I’m guilty of the same attention crimes I’ve accused the mainstream media of: I’ve been writing about tragedies and crises on the African continent at the expense of the good news stories. One of the stories I’ve not paid much attention to are the elections in Senegal, where incumbent President Abdoulaye Wade appears to have won re-election in the first round of elections. There’s been some minor strife around the elections – negligible in comparison to many African elections, but significant in Senegal which has a well-deserved reputation for stability and good governance.
Alice Backer has a good overview of blogger reactions to the election results on Global Voices – Senegalese bloggers overwhelmingly opposed Wade, and some speculate that his strong first-round showing must point to election rigging. Others bemoan the divisions and weakness in the opposition.
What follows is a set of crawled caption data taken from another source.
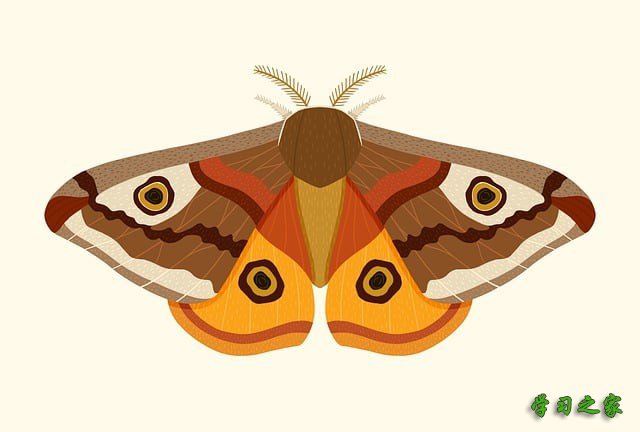 广安计算机职业技术学院2025年招生计划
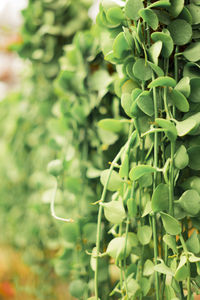 Close-up of green leaves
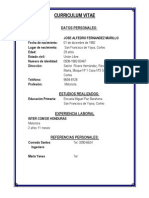 Curriculum Vitae Jose Alfedro Fernandez Murillo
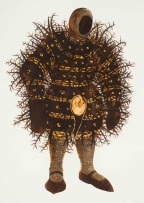 Walter Oltmann; Bristle Suit III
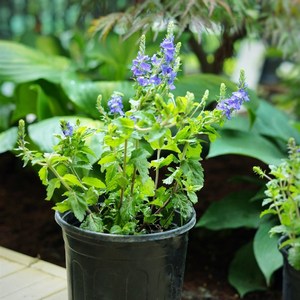 小椿日和 卷毛婆婆纳 穗花婆婆纳e蓝紫色耐热带盆种好庭院盆栽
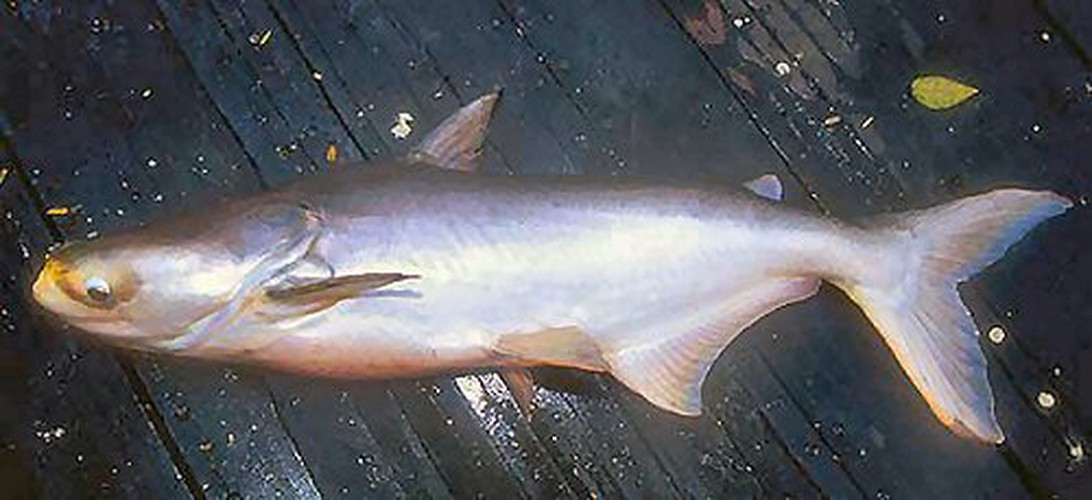 Cá tra dầu nằm trong Sách đỏ Việt Nam và Sách đỏ của IUCN, được xếp vào hạng cực kỳ nguy cấp (nguy cơ tiệt chủng trong tự nhiên rất cao).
There weren’t any Senegalese bloggers (that I know about) writing prior to Wade’s election in 2000… but there were hundreds of hip hop crews, many of whom were involved in Wade’s election. Wade had served as the head of the Senegalese opposition when Abdou Diouf ruled the nation and had served time in Besançon prison for his political actions. He was a rallying figure for disillusioned youth, and much of the hip hop music produced around the time of the 2000 elections supported political change in general and Wade specifically.
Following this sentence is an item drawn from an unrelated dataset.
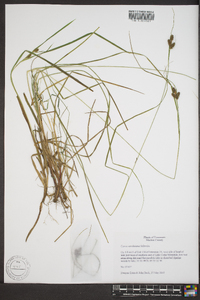 Carex caroliniana image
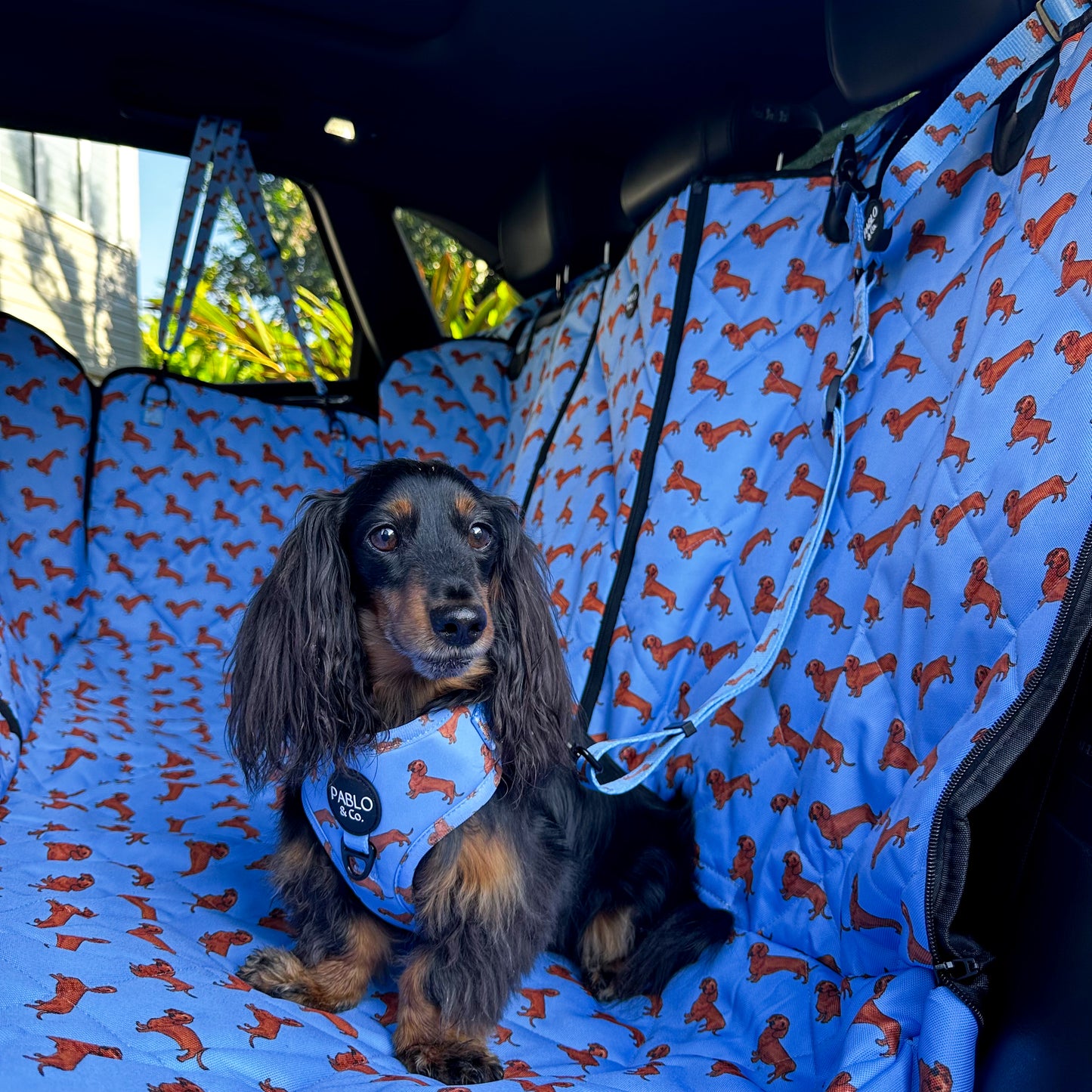 Dachshund: Headrest Car Restraint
(For a great overview of some of these tracks, check out African Underground Vol. 1: Hip-Hop Senegal, which includes tracks like “44“, a reference to 1944, when French soldiers shot Senegalese soldiers who demanded compensation as German prisoners of war.)
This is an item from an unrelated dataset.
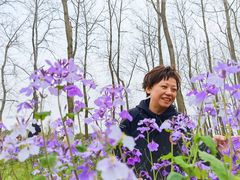 -老苏州芳和园茶酒楼  传统苏帮菜(观前店)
Seven years later, rappers and bloggers are both skeptical of what Wade has produced during his years in office. They’re also concerned that Wade has treated opposition leader Idrissa Seck much as he was treated, imprisoning him for seven months, perhaps to prevent him from standing in the elections. Nomadic Wax, the label that produced the African Underground collection, is now producing a documentary about the 2007 elections and the role of youth culture and hiphop called “Democracy in Dakar”. Three “episodes” from the film are available online now, and they’re amazing – reporters, activists and MCs talk and rhyme about their hopes and frustrations with Wade, poverty and politics in general. As a BBC reporter mentions in the second episode, the MCs function as “musical journalists” – clearly we need to find a way to cover hiphop as well as blogging if we’re going to be serious about covering citizen media on Global Voices.